HBase replication enables you to automatically push transactions from a source cluster to a destination cluster, using an asynchronous mechanism that has minimal overhead on the source cluster. In HDInsight, you can setup replication between clusters where:
- The source and destination clusters are in the same virtual network
- The source and destinations clusters are in different virtual networks connected by a VPN gateway, but both clusters exist in the same geographic location
- The source cluster and destinations clusters are in different virtual networks connected by a VPN gateway and each cluster exists in a different geographic location
Irrespective of the deployment topology, the general setup for replication is as follows:
- Create the tables and populate data in the source cluster.

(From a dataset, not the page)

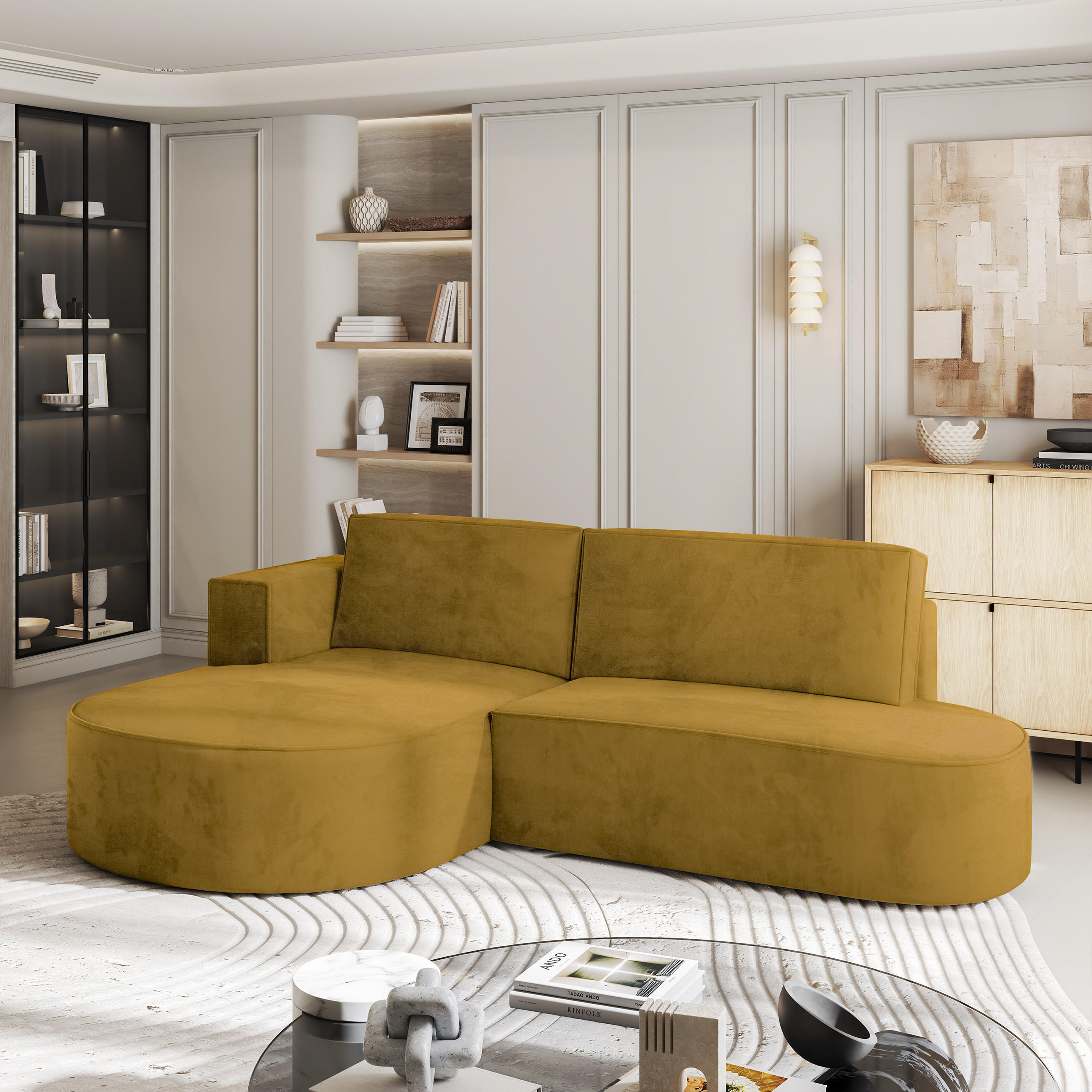 ECKSOFA CORTIO M L-S Gelb Velours-Stoff mit Schlaffunktion - Gelb, Holz (265/174cm) - MASSENO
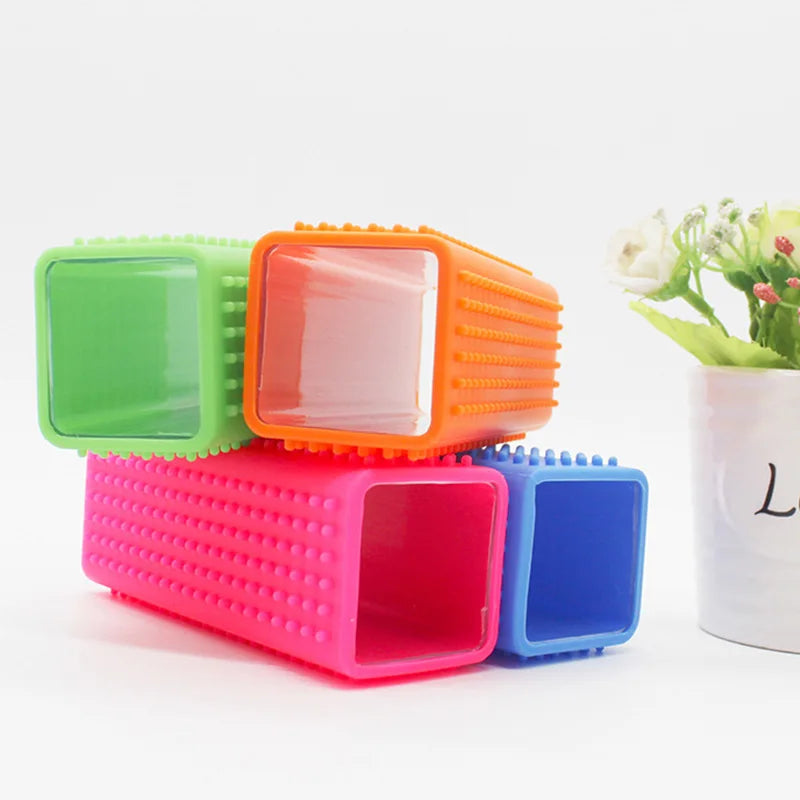 Wool Dog Bath Comb Dog BrushMassager For Cats Clean Hair Removal Brush Sticky Depilation Soft Silicone Pet Cleaner Supplies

- Create empty destination tables in the destination cluster that follow the same schema as the tables used in the source.
- Register the destination cluster as a peer to the source cluster.
- Enable replication on the desired source tables.
- Copy existing data from the source tables to the destination tables.
- Replication will automatically copy new data modifications as they happen on the source tables to the destination tables.
Enabling replication in this way on HDInsight is accomplished by applying a Script Action to your running source HDInsight cluster.
For a step by step walkthru of enabling replication in your cluster, or to experiment with replication on sample clusters provisoned in Virtual Networks using ARM templates, see Configure HBase replication. This guide also includes instructions for enabling replication of Phoenix metadata, which is still experimental.